*** Begin section ***
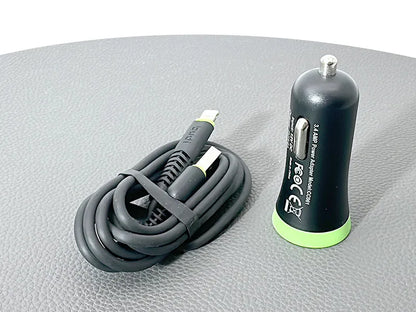 Budi CC061LB 3.4A 2USB Car Charger witht USB-A to Lightning combo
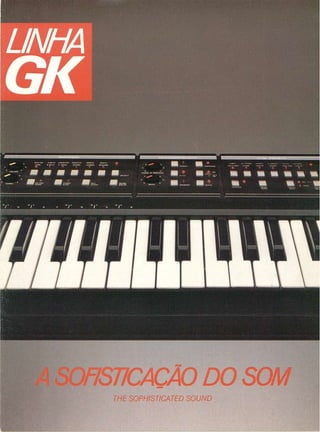 Catálogo Giannini Teclados 1980 (GK)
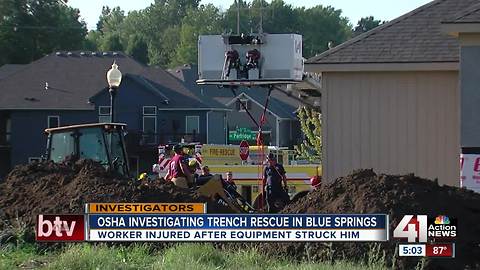 OSHA investigating trench injury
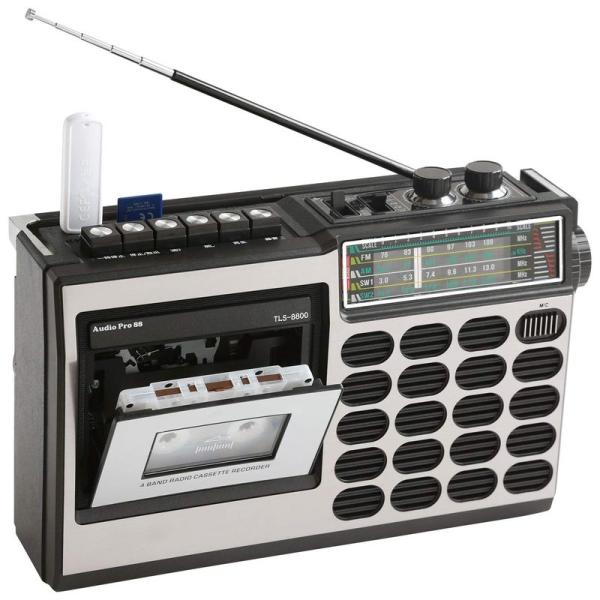 とうしょう ラジカセ (AM/FMラジオ (ワイドFM対応)) 高感度集音内蔵マイク付き 再生機能 ...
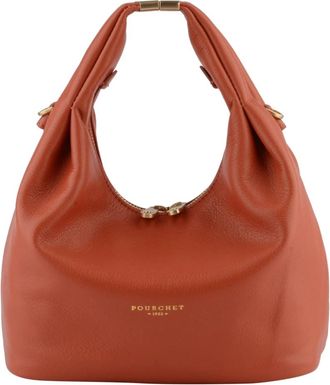 Pourchet Arche Handtas - Dames - Handtassen - Oranje - ONE Size - Leer - Tassen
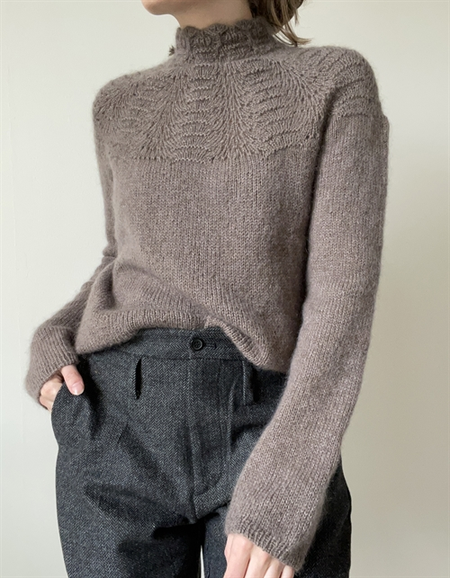 

Crew Neck Yarn/Wool Yarn Tight Sweater, Purple, Sweaters & Cardigans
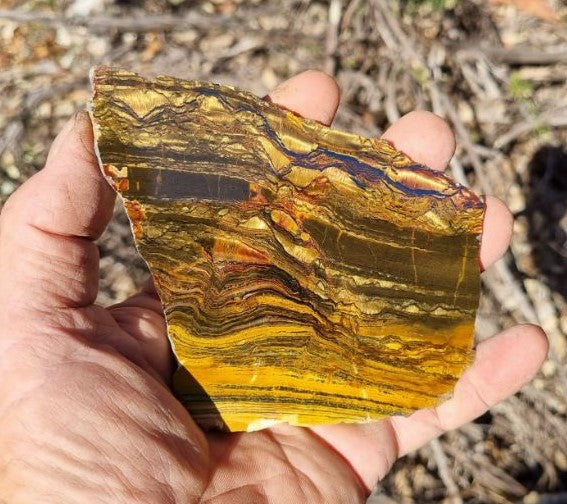 Polished Tiger Eye slab TE363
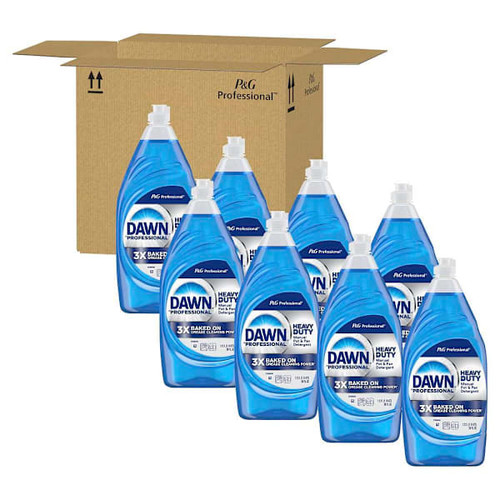 Dawn Professional Manual Pot And Pan Dish Soap, Original Scent, 38 Oz, Case Of 8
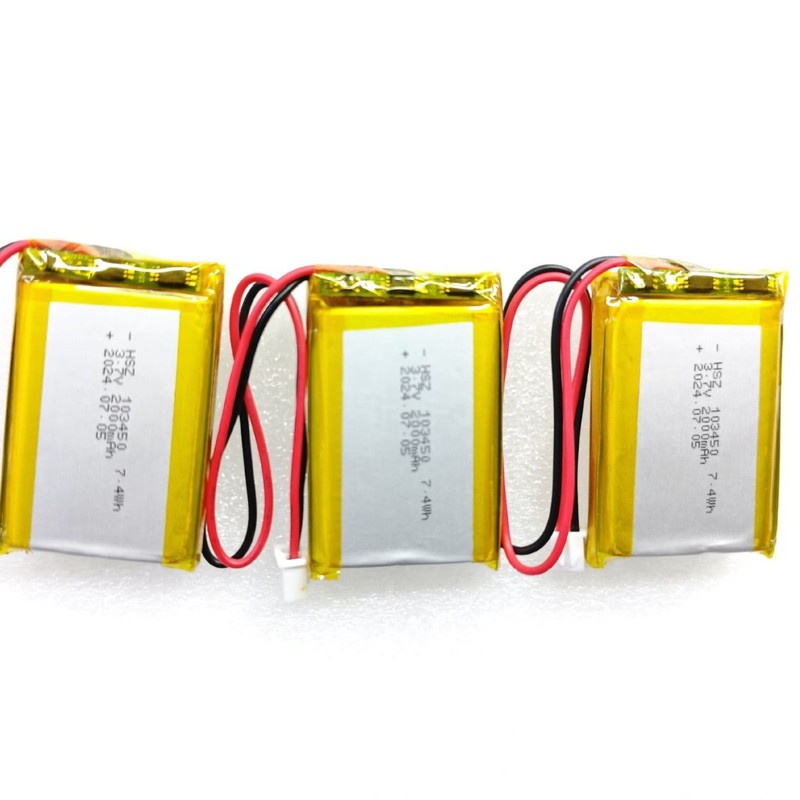 米国・インド認証取得済み 3.7V103450-1800-2000 ポリマー電池.胎児心拍計|undefined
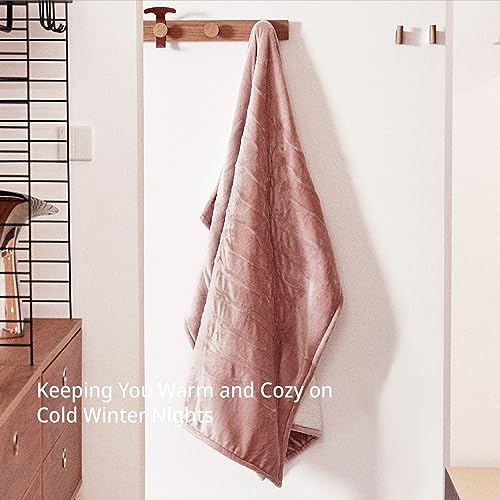Heated Throw Blanket 50x60 with 4 Heat Settings Grey k7m
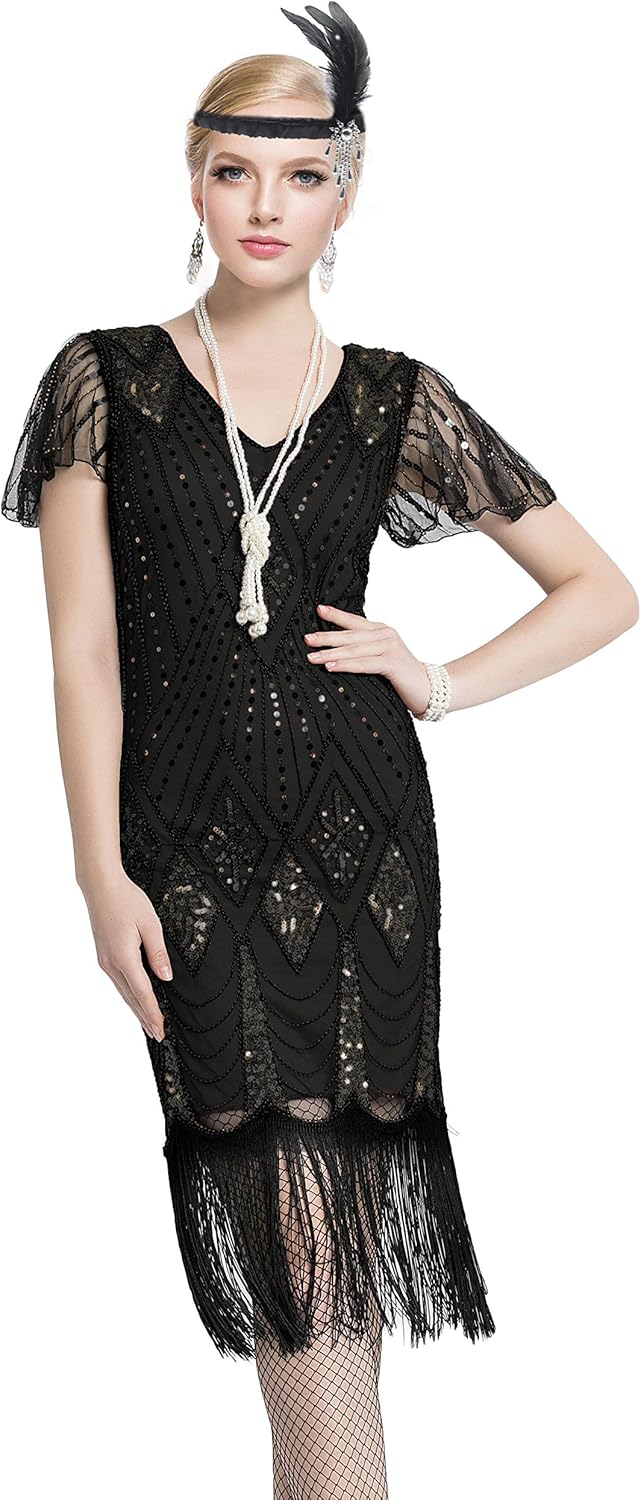 1920s fringe dresses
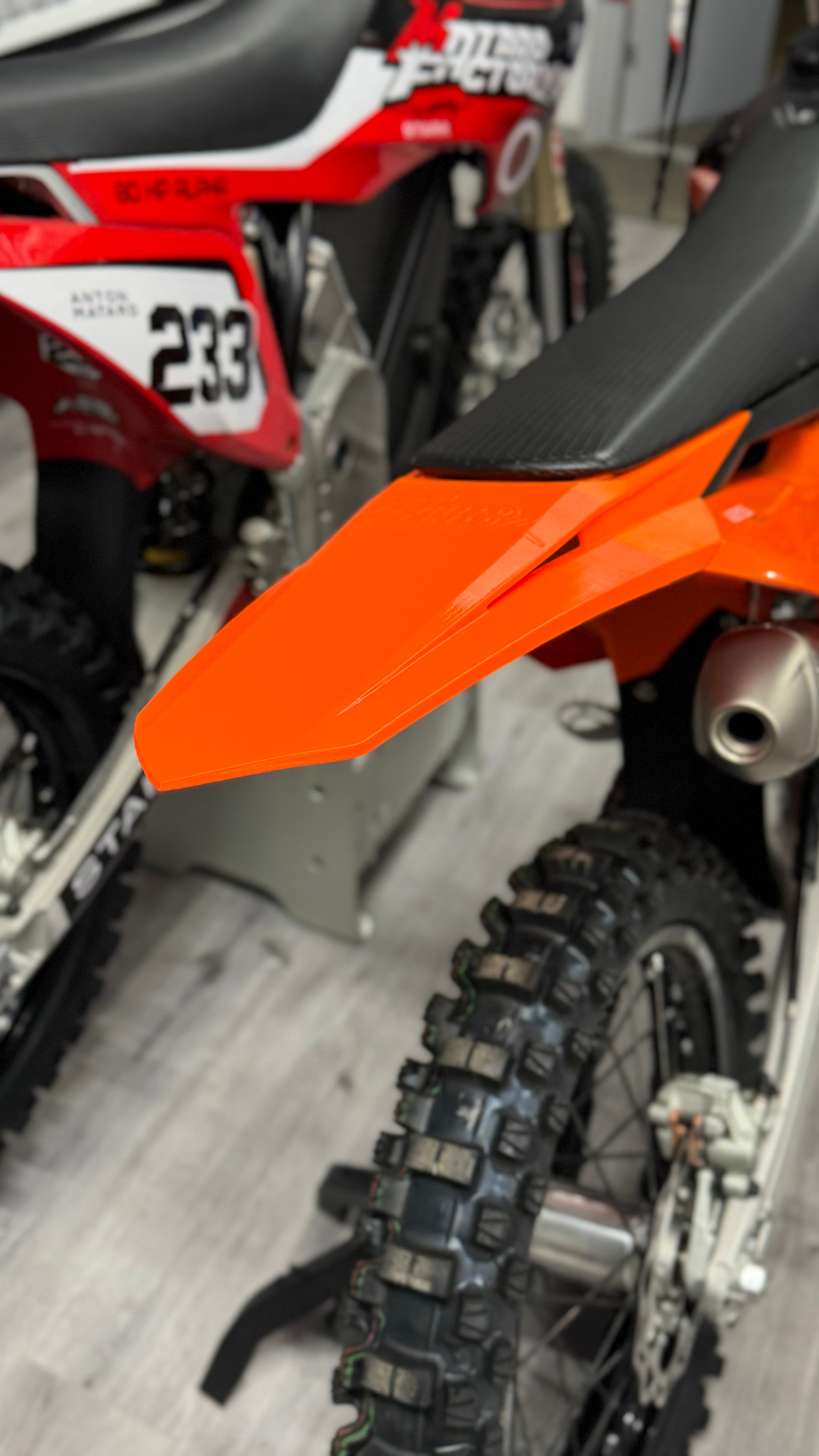 Unbreakable Flexible TPU Rear Fender for KTM TBI (2024-2025)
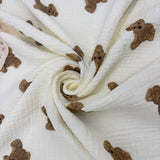 x4 Bear Frill Muslin Burp Cloths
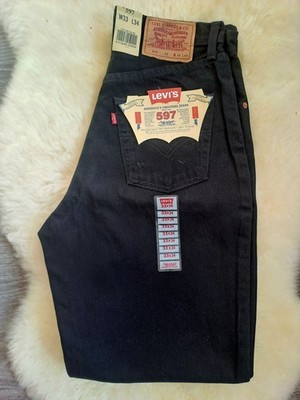 Levis 597 Damen Jeans schwarz Größe 33/34 Neu!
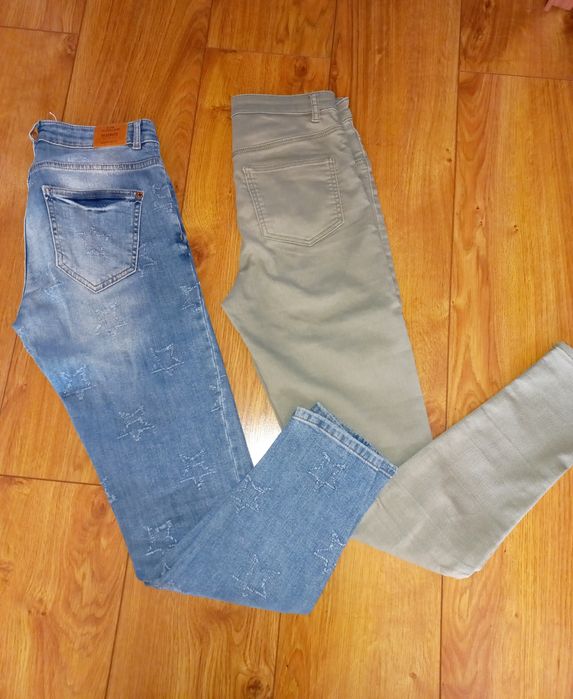 HM jeansy skinny 164 rurki spodnie jeansowe Reserved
*** End section ***
> WHAT YOU SHOULD DO
Every line from the one with "Catálogo Giannini Teclados 1980 (GK)" through the one with "Crew Neck Yarn/Wool" is to be reproduced exactly as written above, and the pictures are to be dropped.

> RESPONSE AREA
 Catálogo Giannini Teclados 1980 (GK)
 OSHA investigating trench injury
 とうしょう ラジカセ (AM/FMラジオ (ワイドFM対応)) 高感度集音内蔵マイク付き 再生機能 ...
 Pourchet Arche Handtas - Dames - Handtassen - Oranje - ONE Size - Leer - Tassen

Crew Neck Yarn/Wool Yarn Tight Sweater, Purple, Sweaters & Cardigans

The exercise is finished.